Compiler mid-ends occupy an awkward position. The front-end parses and type-checks; the back-end handles register allocation and instruction selection. The middle is where algebraic simplification, common subexpression elimination, constant folding, and dead code elimination live. For decades these were separate passes, each sweeping through the IR with limited visibility into each other’s results. Cranelift has been consolidating this model with something more principled, and the mechanism driving it is the acyclic e-graph, documented in detail in Chris Fallin’s recent writeup.

What an E-Graph Actually Is

An e-graph is a data structure for compactly representing a set of terms along with a declared equivalence relation over them. Each node in the graph (an “e-node”) is an operator applied to child equivalence classes. Each equivalence class (an “e-class”) groups all the e-nodes the system currently considers equivalent, using a union-find structure to track merges efficiently.

The appeal is in how rewrite rules interact with this structure. Given a rule like (mul a 2) => (shl a 1), you do not have to choose which form to keep. You insert both as e-nodes in the same e-class and let them coexist. After applying all rules to fixpoint (equality saturation), an “extraction” phase selects the cheapest e-node from each e-class, recursively.

This model was made broadly accessible by the egg library in Rust, and the accompanying POPL 2021 paper by Willsey, Nandi, Wang, Flatt, Tatlock, and Panchekha demonstrated equality saturation across a range of applications from superoptimization to tensor graph rewriting. The technique generated genuine interest in compiler research because it replaces a sequence of interdependent passes with a single coherent framework.

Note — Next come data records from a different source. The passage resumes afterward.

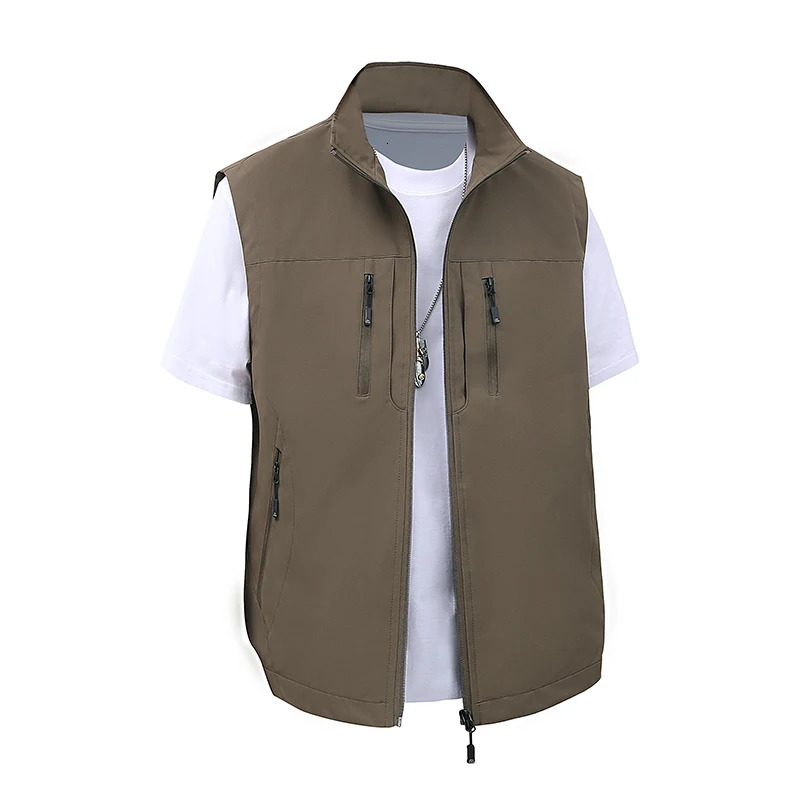 Men Outdoor Breathable Sleeveless Vest Mens Tactical Casual Fish Cargo Vests Coats Man Multi Pockets Work Cardigan Waistcoat 250614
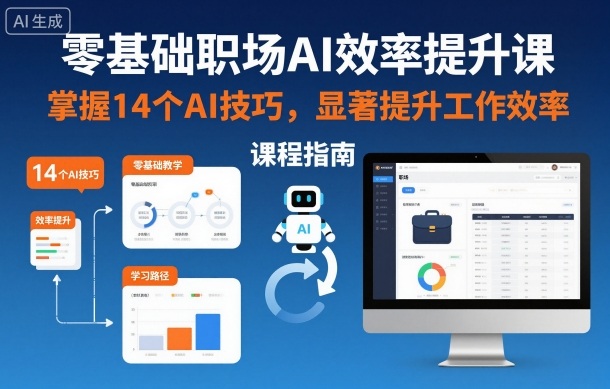 零基础职场AI效率提升课，掌握14个AI技巧，显著提升工作效率网创-网赚-电商-tk-出海-AI-抖音-快手-小红书-视频号-玩法-创业-小程序-公众号-私域-s粉网创智库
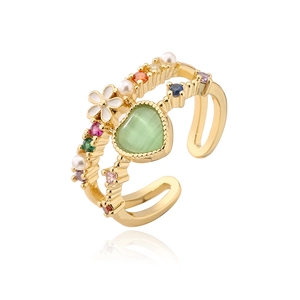 French style double-layer gold-plated open ring with heart gemstone and colorful zircons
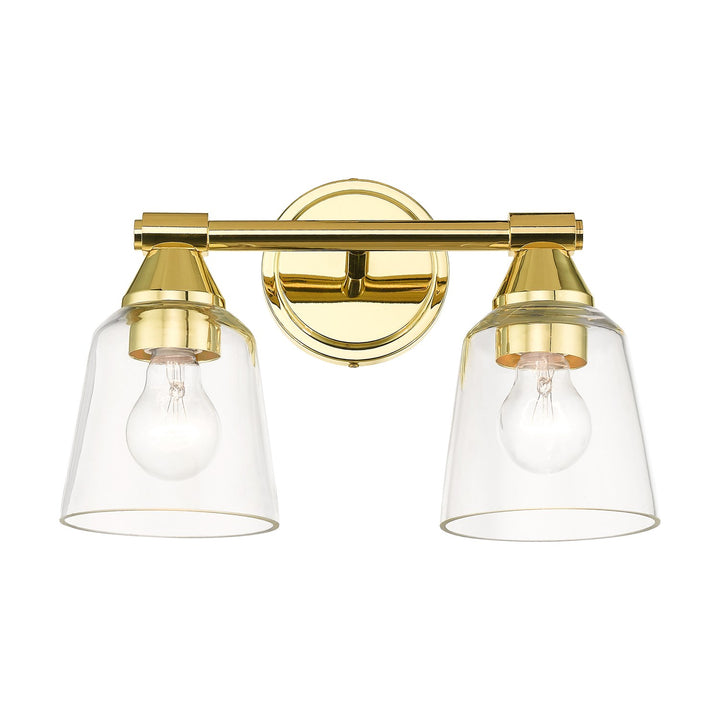 2 Light Polished Brass Vanity Sconce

The Extraction Problem With Cycles

Standard e-graphs permit cycles. An e-node’s children are e-classes, and those e-classes can contain e-nodes that eventually reference back through the graph. This accommodates recursive terms and loop-carried values, which are real program structures.

But cycles create serious problems at extraction time. If e-class A’s cheapest node depends on e-class B, and B’s cheapest node depends on A, the extraction algorithm faces a system of mutually recursive cost equations. In the general case this becomes NP-hard. Practical implementations handle it through heuristics, iteration limits, and cost function constraints, but there is no clean solution.

For a JIT compiler like Cranelift, which runs inside Wasmtime and must compile WebAssembly modules before serving requests, compilation latency is a first-class concern. An optimizer that can exhibit superlinear behavior on pathological inputs is not a good foundation for production infrastructure.

The Acyclicity Constraint

Cranelift’s response is to prohibit cycles by construction. In an aegraph, every e-node’s children must reference e-classes that were created earlier in a strict topological ordering. Forward references only; the graph is always a DAG.

This sounds like a severe restriction, but it aligns naturally with SSA form. In SSA, each value is defined exactly once, and every use of a value must be dominated by its definition. Within a basic block or an acyclic region of code, values flow strictly forward. The aegraph’s constraint mirrors this: when you add a new e-node, all of its children are already in the graph and fully processed.

Loop-carried values and phi nodes sit outside the aegraph. The optimizer works within acyclic regions and handles control flow separately. This is not a fundamental limitation for the optimizations that matter most in a mid-end: constant folding, strength reduction, commutativity normalization, identity elimination, and common subexpression elimination all operate on local patterns within straight-line or acyclic code.

The payoff is extraction. With a DAG, extraction is a single bottom-up pass: process each e-class in topological order, select the cheapest e-node, recurse into its children. No cycles to resolve, no fixed-point equations. The complexity is linear in the number of e-nodes.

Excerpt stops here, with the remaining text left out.